Back to the example, where we change only the labeling from ‘right’ to ‘left’:
series.resample('3T', label='right', closed='right').sum()
20000101 00:00:00 0
20000101 00:03:00 6
20000101 00:06:00 15
20000101 00:09:00 15
series.resample('3T', label='left', closed='right').sum()
19991231 23:57:00 0
20000101 00:00:00 6
20000101 00:03:00 15
20000101 00:06:00 15
As you can see, the results are the same, only the index label changes. Pandas only lets you display the right or left label, but if it showed both, then it would look like this (below I’m using standard index notation where (
on the left side means open and ]
on the right side means closed):
( 19991231 23:57:00, 20000101 00:00:00 ] 0 # = 0
( 20000101 00:00:00, 20000101 00:03:00 ] 6 # = 1+2+3
( 20000101 00:03:00, 20000101 00:06:00 ] 15 # = 4+5+6
( 20000101 00:06:00, 20000101 00:09:00 ] 15 # = 7+8
Note that the first bin (23:57:00,00:00:00] is not empty, it’s just that it contains a single row and the value in that single row is zero. If you change ‘sum’ to ‘count’ this becomes more obvious:
series.resample('3T', label='left', closed='right').count()
19991231 23:57:00 1
20000101 00:00:00 3
20000101 00:03:00 3
20000101 00:06:00 2
Answer #2:
Per JohnE’s answer I put together a little helpful infographic which should settle this issue once and for all:
Answer #3:
It is important that resampling is performed by first producing a raster which is a sequence of instants (not periods, intervals, durations), and it is done independent of the ‘label’ and ‘closed’ parameters. It uses only the ‘freq’ parameter and ‘loffset’. In your case, the system will produce the following raster:
20000101 00:00:00
20000101 00:03:00
20000101 00:06:00
20000101 00:09:00
Note again that at this moment there is no interpretation in terms of intervals or periods. You can shift it using ‘loffset’.
Then the system will use the ‘closed’ parameter in ordre to choose among two options:

(start, end]

[start, end)
Here start and end are two adjacent time stamps in the raster. The ‘label’ parameter is used to choose whether start or end are used as a representative of the interval.

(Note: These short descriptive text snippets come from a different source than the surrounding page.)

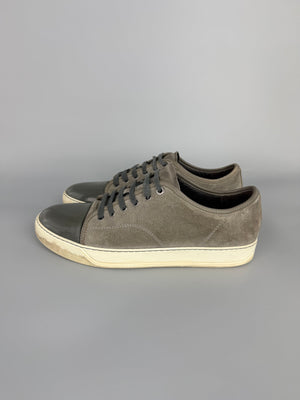 Lanvin Dbb1 Patent Cap Toe Sneaker Grey | 45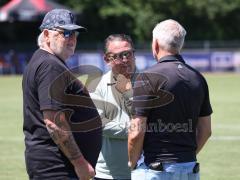 Testspiel - Saison 2026/27 - VFB Eichstätt - FC Ingolstadt 04 - Scouting/Kaderplanung Rigo Hof (FCI) mitte - Vorsitzender des Vorstandes Peter  Jackwerth (FCI) - Geschäftsführer Sport/Kommunikation Harald Gärtner (FCI)  - XXXXX - Foto: Meyer Jürgen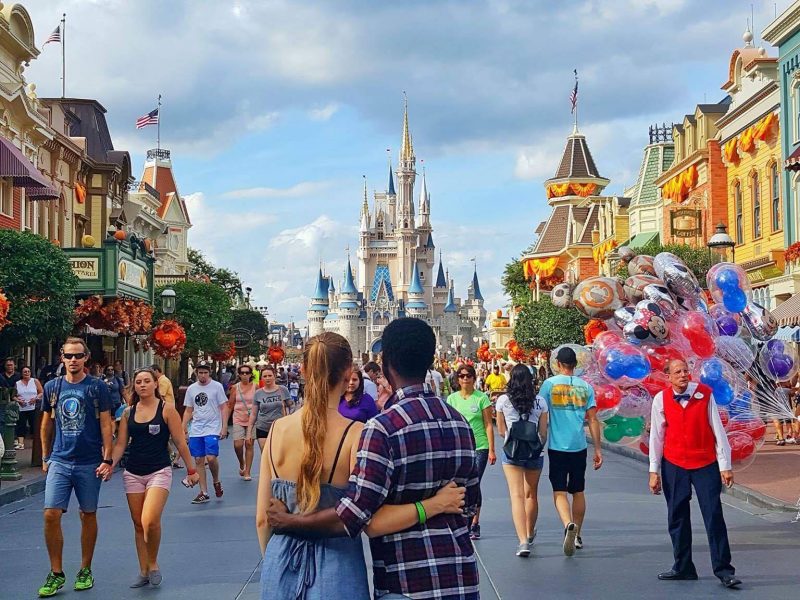 Couple at Disney World In Magic Kingdom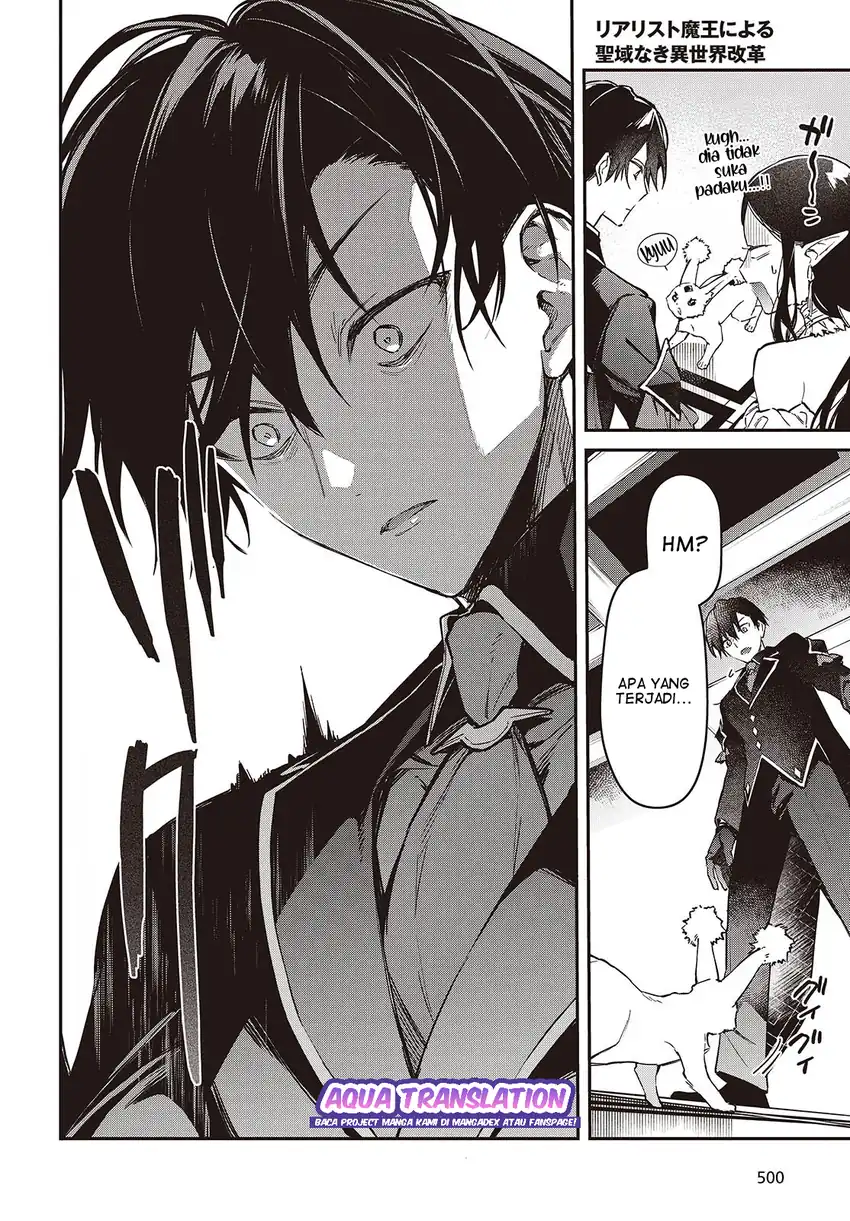 Realist Maou Niyoru Seiiki Naki Isekai Kaikaku chapter 57 halaman 21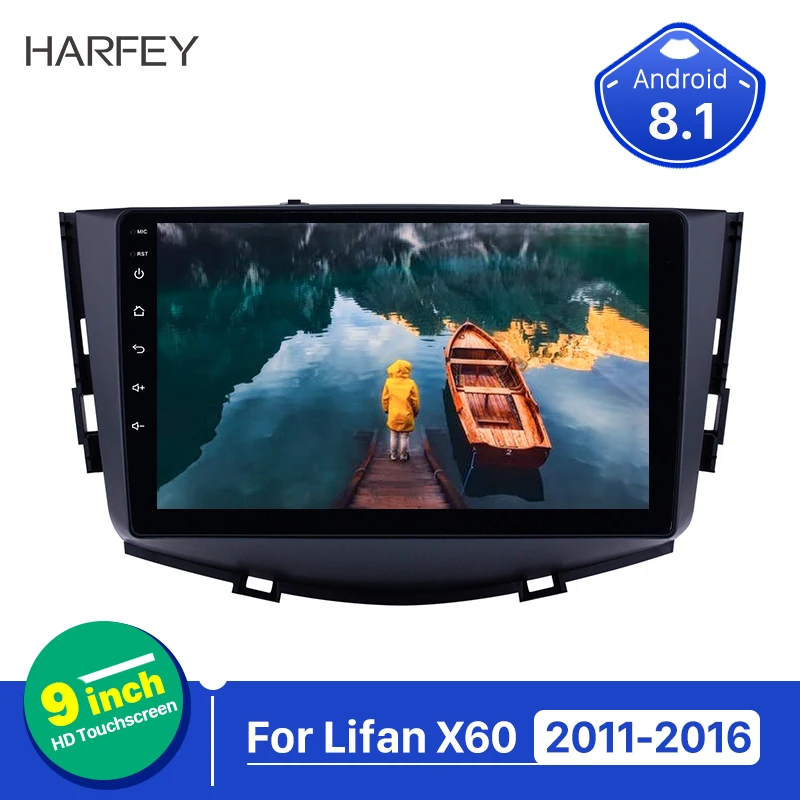 Автомагнитола Harfey 2DIN Android 8 1 для Lifan X60 2011-2016 GPS-навигация 9 дюймов сенсорный экран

In your example, if you choose closed=’right’ then you will get the following intervals:
( previous_interval , 20000101 00:00:00]  {0}
(20000101 00:00:00, 20000101 00:03:00]  {1,2,3}
(20000101 00:03:00, 20000101 00:06:00]  {1,2,3}
(20000101 00:06:00, 20000101 00:09:00]  {4,5,6}
(20000101 00:09:00, next_interval ]  {7,8}
Note that after you aggregate the values over these intervals, the result is displayed in two versions depending on the ‘label’ parameter, that is, whether one and the same interval is represented by its left or right time stamp.